Unis question govt on student support

The government outmanoeuvred universities with its Bill to enact first recommendations from the Accord – for vice chancellors to argue against staff focuses and student friendly measures would not have been wise.

But Senate committee hearings give lobbies a chance to warn what’s in the weeds.

The Bill includes student supports which HE institutions must provide and sets out an $18 000 fine, plus naming and shaming provisions, for starters, for those that don’t, (Future Campus, August 23).

The questions lobbies are asking is what will the student supports accomplish and how will they work?

“An administrative and penalty regime is being implemented before the nature and extent of any problems with student support have been properly identified,“ the Group of Eight warns.

The Australian Technology Network points to existing regulations and warns the bill, “will introduce a separate duplicative set of arrangements,” and “confuse responsibilities, reduce efficiency and are wasteful of Commonwealth and university resources.”
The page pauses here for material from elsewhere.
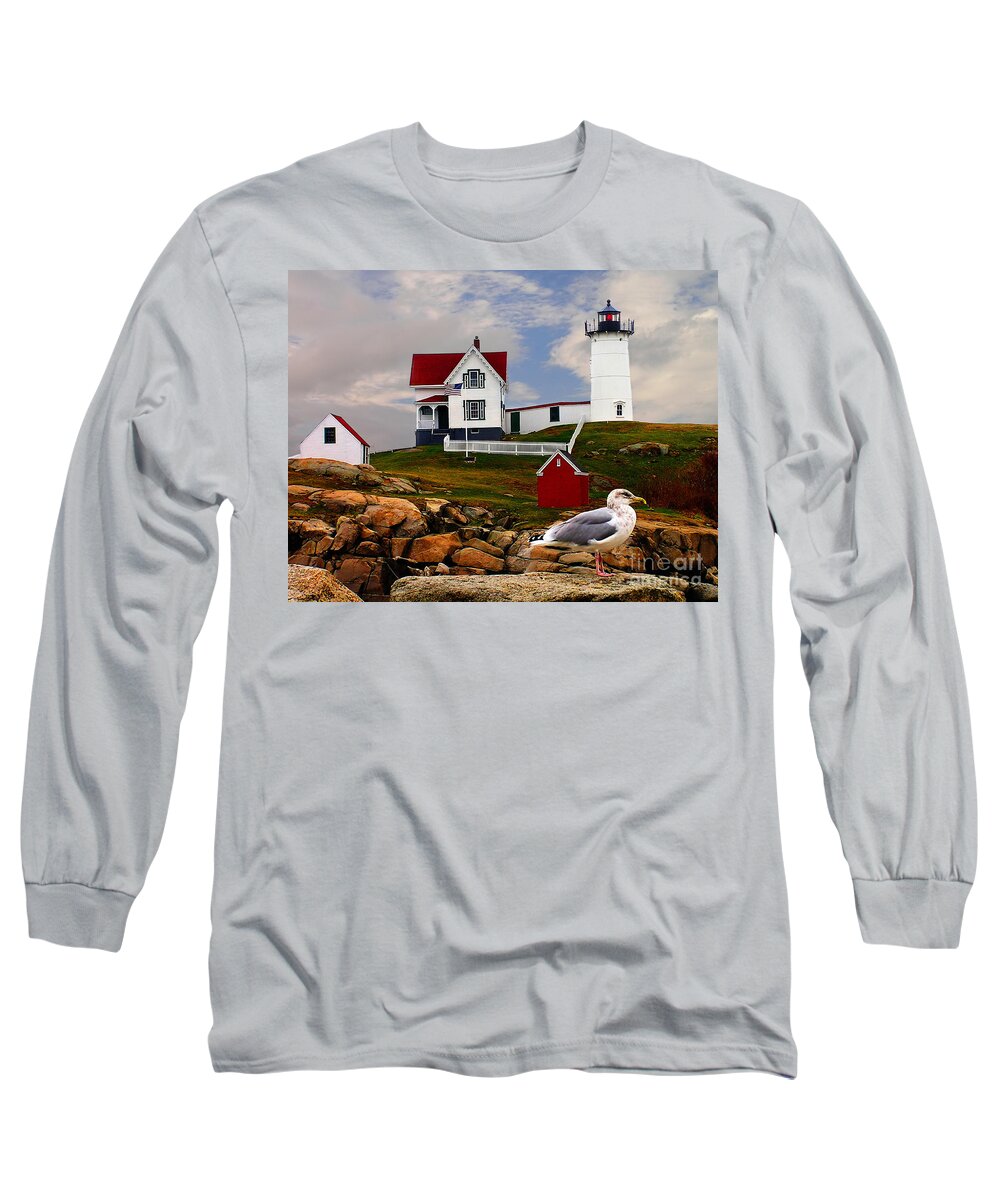America Long Sleeve T-Shirt featuring the photograph Cape Neddick Lighthouse Maine by Nick Zelinsky Jr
And while the Innovative Research Universities is careful to support the intent, it warns that guidelines for student support, “could extend beyond what is practical and implementable.” IRU suggests that institution-specific requirements should be in each universities Accord agreement.

The University of Sydney makes the same point, just with vigour in its vehemence, comparing the student support section of the Bill to the previous government’s loathed Job Ready Graduates legislation, “we are concerned that there has been no clear articulation of the policy problem, nor of what a detailed and externally mandated law needs to be applied informally to all providers.”

The submission details the problems it will create to no good purpose. “We are aware of no evidence that the government’s proposed approach will cost-effectively produce the intended results, or that any alternative options for improving student support services across the higher education sector have been considered.” 

And it states many of the supports Education Minister Jason Clare mentioned in his second reading speech on the Bill, “are already covered in either policy or localised practice.”

As to what happens to the Bill as a whole, the committee might recommend it to the Senate as is. Other sections, notably extending demand driven UG funding to all Indigenous Australians, may be too popular to delay.  But the Opposition might propose the student support elements need work. “It looks like the policy hasn’t even been thought through,” shadow education minister Sarah Henderson said at a committee hearing on Friday.

To which the Group of Eight’s Vicki Thomson replied, “we seem to be doing something a bit ‘cart before the horse’. We need to understand what the problem is. We’ve now got the student support policy guidelines, which were just released very recently. We’re looking to put something in place—I think the time frames are very ambitious—by the beginning of next year. And we have no clue as to how this will actually be applied.”